The launching recently, of the fourth phase of the Federal Military Government's War Against Indiscipline (WAI), marks yet another milestone in the nationwide campaign against public misconduct and disorder. For this phase of the campaign, the government's loaded cannons are aimed at the twin scourges of economic sabotage and corruption. And bearing in mind that these two evils had significantly contributed to the nation's progressive ruination ever since independence, one cannot but commend the Buhari administration's determination to rid the country of them.

Even so, from the much that is perceivable so far, the newly-launched phase of WAI, like the three precedent phases, is being waged only on an esoteric plane. In spite of the often repeated radio jingles and the high-sounding declarations of WAI launchers around the country, the campaign still suffers from an acute deficiency of intellectual input. But the nation's social malaise is so very deep-rooted, and the average Nigerian's attitude to life so outrageously bizarre that battling these evils merely with sweet sermons, stern orders and jingles amounts to no more than scratching vainly on the surface of the problems.

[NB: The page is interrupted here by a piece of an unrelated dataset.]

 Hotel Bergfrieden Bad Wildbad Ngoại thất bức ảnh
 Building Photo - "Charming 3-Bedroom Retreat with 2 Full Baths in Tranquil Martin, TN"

The government's approach to the conduct of the campaign thus far, as some observers have noted, may well be a carry-over of the barracks style of discipline. But Nigeria is not just one vast military barracks. As such, any serious attempt at halting the socio-moral anarchy to which this country has degenerated must be something at once more fundamental and intellectual than strong orders and sweet jingles.

If corruption and economic sabotage are ever to be curbed, the society's entire ethical foundations must be seriously re-examined and then totally overhauled. The breathless hankering after speedy accumulation of wealth; the vulgar and offensive exhibitionism of the nouveau riche, the unwholesome implications of tolerating so-called "African hospitality" in public offices; the mind boggling non-correlation between labour and reward; the chronic inefficiency of our public utilities and bureaucracies; all these and more need to be undertaken for their contributions to corruption and economic sabotage.

Towards any meaningful analysis of these problems and mass communications of their solutions, the government necessarily needs to enlist the services of knowledgeable persons from different parts of the country. Luckily, ours is not a nation lacking in the calibre of thinkers and analysts called for by this exercise. Rather than persist in its present inclination to go it alone, the military government will only be adding a necessary boost to the WAI effort by tapping the talents of such Nigerians.